Chapter 7 - Management anomaly specification
In this chapter, we propose to synthesize the anomalies highlighted by the cases’ results of the previous chapter before listing the requirements to design a new model extending the literature models of non-mutual conditioning between exploration and exploitation, in order to understand the observed phenomena.
The first feature raised through the descriptors and the comparison between models’ prediction is perhaps the continuity and orthogonality of exploration/exploitation that is dealt at different levels: generative processes, coordination mechanisms, environment cognition and organization design. So, we confirm the nuances expressed in (Gupta, Smith, and Shalley 2006). What is perhaps more surprising and natural at the same time is the fact that exploration can be based on exploitation characteristics. However, the cases show these can be beneficial or counter-productive for innovation management, thus requiring an careful management to counter the forces of traditional models of ambidexterity.
The second aspect is that we can assert that ambidexterity kills innovation. It is of course a bold statement, but the meta-language of exploration/exploitation tends to ignore the micro-foundations of collective action such as decision-making and generative processes (Birkinshaw and Gupta 2013). The actual implementation of ambidexterity, be it contextual, structural or sequential, induces numerous complications dealing with exploration/exploitation regime separation for practice. More specifically, it appears to be incompatible with practices where the unknown is effectively managed.
The cases show they follow organizational ambidexterity, but at the same time, have mitigated efficiency when it comes to exploration or exploitation standalone. Radical innovation is not really achieved for the originally intended exploration project, despite having several other valuable takeaways (Elmquist and Le Masson 2009). There is tendency to leave exploitation routines as a static reference point, as a fixation effect, and let exploration free float in other directions without carefully managing the search and generation directions.
Organization design being constricted by certification and market constraints, generative processes and organization ambidexterity clashes to support this enclosed change calling for a support of organizational metabolism and potential regenerative dynamic capabilities (Ambrosini, Bowman, and Collier 2009).

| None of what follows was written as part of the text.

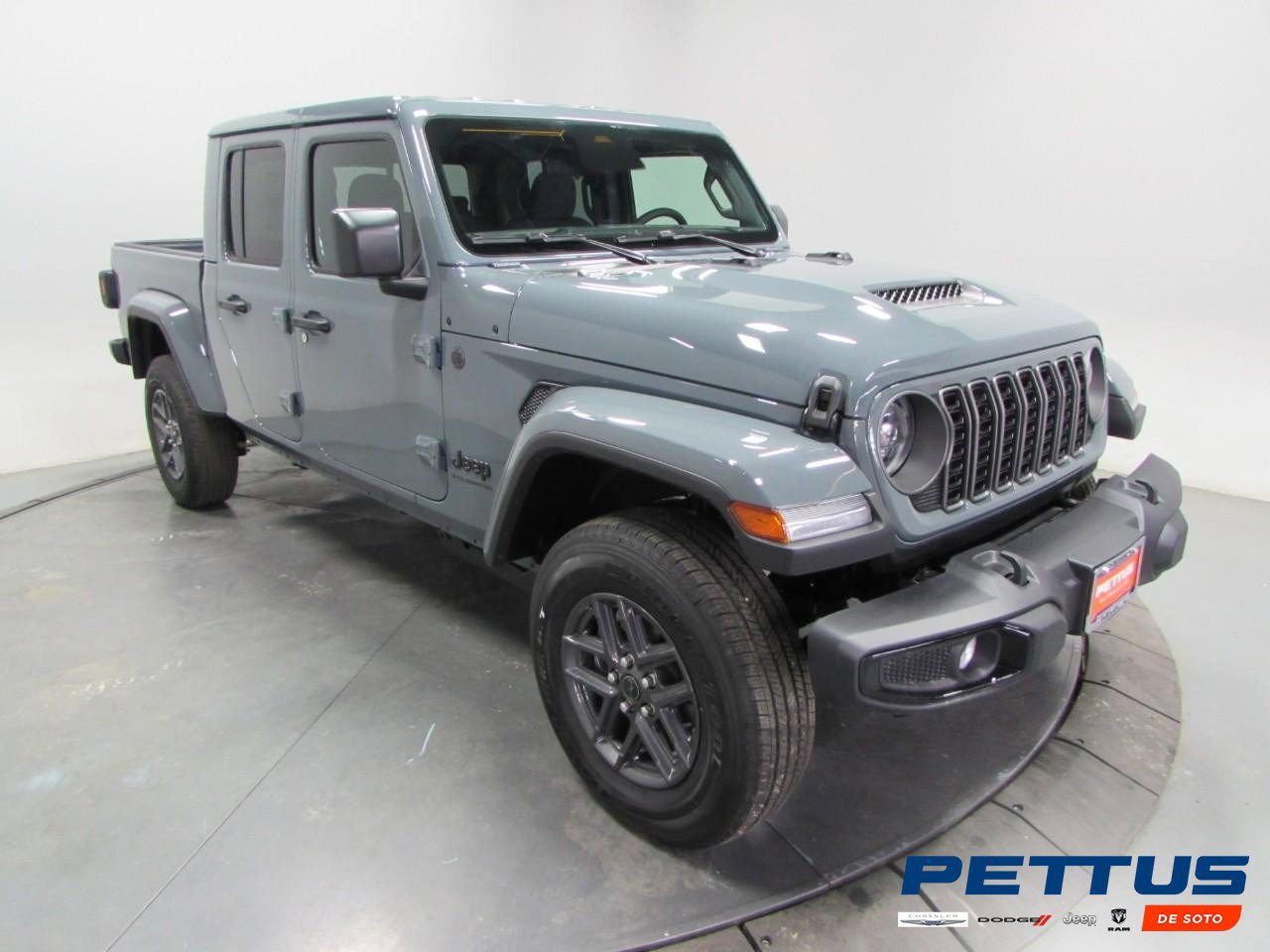 New 2026 Jeep Gladiator Sport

Despite appropriate interactionism, we have seen that practices are not sufficient to sustain generative processes into a full settlement organizations. At best, in the case of the icing conditions detection, the settlement is partial as the alignment with BU management and Engineering department remains controversial. Consequently, reconsidering organization design supported/supporting generative processes appears crucial, as it probably implies considering the mirroring of the engineering efforts.
Consequently, we would propose some requirements extending the literature models presented previously. These where limited to non-mutual conditioning of exploration and exploitation. This extension is crucial since the observed phenomena tends to show dynamics sustained at the level of engineering design practices challenging the coordination of exploration/exploitation conditioning and the management of its innovation potential of attraction.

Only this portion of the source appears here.